Et puis cette histoire de père et de fils, c’est assez beau. Je ne sais pas ce qu’a fait de sa vie, au hasard, le fils de Gabriel Fauré, toujours est-il qu’on écoute encore le père (et on fait bien). S’agissant de Dweezil, guitariste doué qui a perdu son père trop tôt, que faire d’autre à sa place que d’empoigner cet instrument comme un flambeau qui chasserait la nuit, l’oubli et la mort. Ce n’est pas exploiter un filon, c’est célébrer toujours et encore une musique incroyablement vivante.

C’était finalement très émouvant que d’entendre Frank Zappa revivre avec son fils dans « Zombie Woof ». Pour mémoire, l’album Hot Rats sorti en 1969 était dédié à son fils Dweezil. Il contient le morceau « Peaches En Regalia » qui a eu un Grammy Award cette année dans la catégorie « Best Rock Instrumental » ( ?). Il en a pleuré en cherchant le titre Dweezil.

Hier soir à l’Olympia, nous avons assisté à une incroyable réunion d’hommes musique (cf. ma chronique 2032 sur John Zorn et les siens). La comparaison avec John Zorn s’impose puisque si on reste, dans le principe, un peu dans le rock et le jazz, on est quand même face à des gens qui déploient un inhabituel bagage technique phénoménal avec une aisance qui scie littéralement les misérables cloportes que nous sommes, tout juste titulaires de diplômes accessibles à la lie de l’humanité.

Donc, c’est un peu comme John Zorn, c’est d’une inventivité délirante, d’une folie de tous les instants, mais en plus on rigole. Frank Zappa était un agitateur d’idées et sa musique en est le strict reflet. Pour la jouer, soyons clairs, il faut être balèze et pour l’écouter, il faut être ouvert et attentif. La clé pour y entrer est peut-être justement l’humour.
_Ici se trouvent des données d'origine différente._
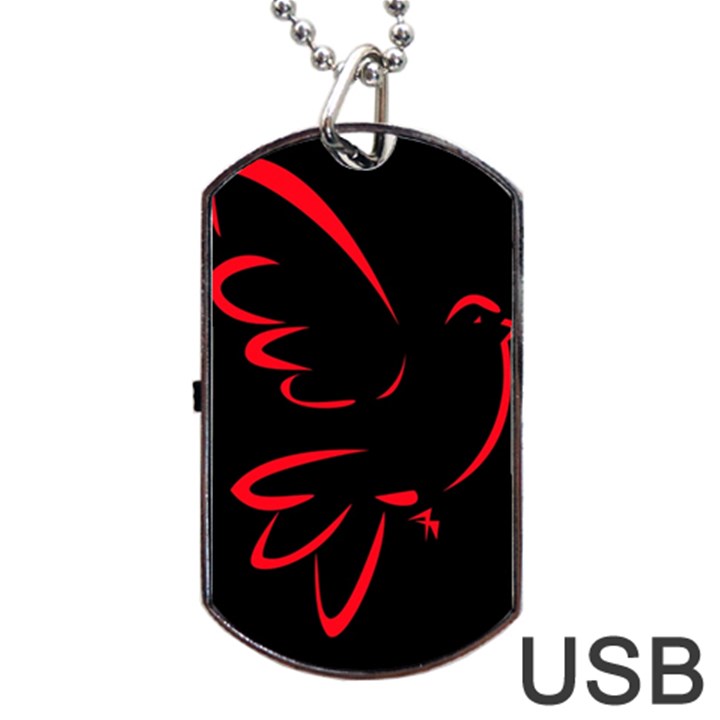 Dove Red Black Fly Animals Bird Dog Tag USB Flash (One Side)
Les textes sont donc absurdes et drôles (« Don’t eat the yellow snow », « Don’t you ever wash that thing », ce genre quoi). Mais finalement, ce côté technique très démonstratif, ce nombre et ce découpage de mesures abscons, ces mises en place délirantes, cette complexité insensée dans laquelle se glisse toujours la musique, nous impressionnent, mais aussi dessinent sur nos visages rien de moins que des sourires béats.

Il y a du sexe aussi, on en parle beaucoup et de préférence dans la joie. La faramineuse équipe de musiciens comprend ainsi une certaine Scheila Gonzalez qui chante (de toute façon, tout le monde chante, en plus de l’extraordinaire jeune et nouveau chanteur présent), assure les claviers, mais également joue de la flûte et du saxophone, et tout ça pas vraiment en amateur. Elle n’oublie également pas de chalouper en rythme. Bref, une dextérité musicale incroyable, mais également des seins libres sous un chemisier très échancré.
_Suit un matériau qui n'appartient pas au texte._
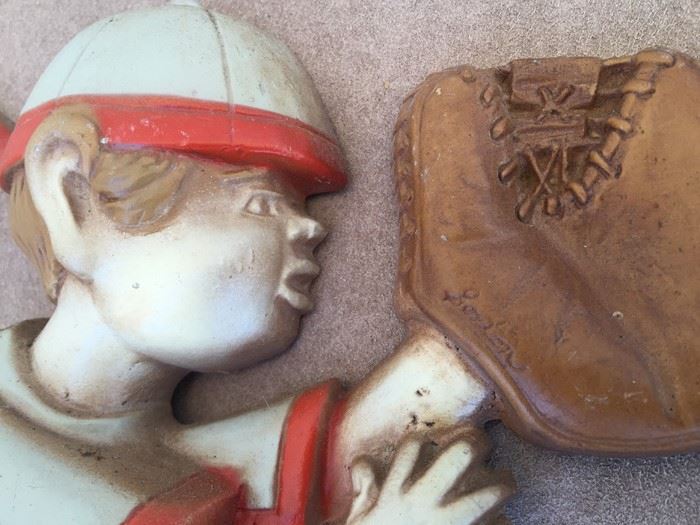 Painted Metal Baseball Players Wall Art Kids Room SEXTON 1970 Pitcher Catcher Hitter [Photo 7]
Tout est dit, de la musique, du rire et du sexe. On joue la musique d’un mort, mais on célèbre la vie.

C’est ainsi que lors de ce show de musique savante, on peut inviter des gens à danser sur scène (sur « Chunga’s Revenge »), quatre garçons, quatre filles, pour une sorte d’atelier dansant complètement échevelé. Soyons raisonnables, les participants n’étaient pas du genre sexy (plus prof de maths que « hippie chic avec le must have culte du moment », voyez-vous), mais c’était joyeux et drôle, on se serait cru en 1969.
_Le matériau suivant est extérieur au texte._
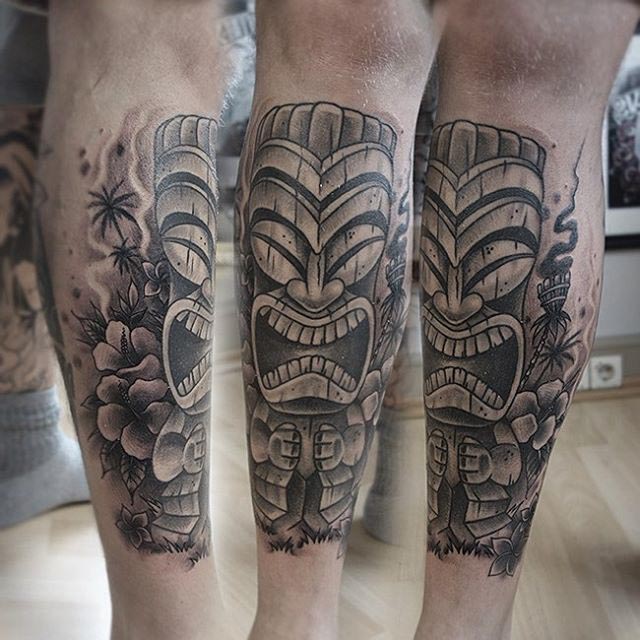 Tiki Mask Tattoo by @mica_one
Et puis encore la musique (et beaucoup de guitare !!!). Un son sublime, des musiciens proprement hallucinants, quel plaisir que de voir un orchestre comme une machine aussi rutilante, qui démarre au quart de tour, jamais ne dévie et parfois même, sous l’impulsion de Dweezil Zappa, lâche un peu la bride et donne toute l’expression de sa phénoménale puissance. Jamais l’auditeur ne se lasse, on était d’accord pour rester toute la nuit. Ainsi, ce long solo guitare/batterie à la suite de « Willie The Pimp », tout en questions/réponses, avec les autres musiciens qui dansent et semblent prendre autant de plaisir que nous à l’écoute, je l’aurai bien vu durer deux heures. On a tous fini debout, dansant avec un groupe qui semblait ravi de notre réaction et promettant de revenir rapidement.

A la fin, le jeune bassiste chevelu nous a salués avec un poing sur lequel se sont dressés l’auriculaire et l’annulaire. On était définitivement en famille ce lundi soir.

A la fin, dans l’Olympia rallumé, à l’instar de Dweezil, on n’arrivait pas à partir, comme des couillons, debout, extatiques. Le fils Zappa alternait les poignées de main et les saluts au balcon.

Depuis deux jours, je ne cesse de siffloter « Peaches En Regalia » sur mon vélo.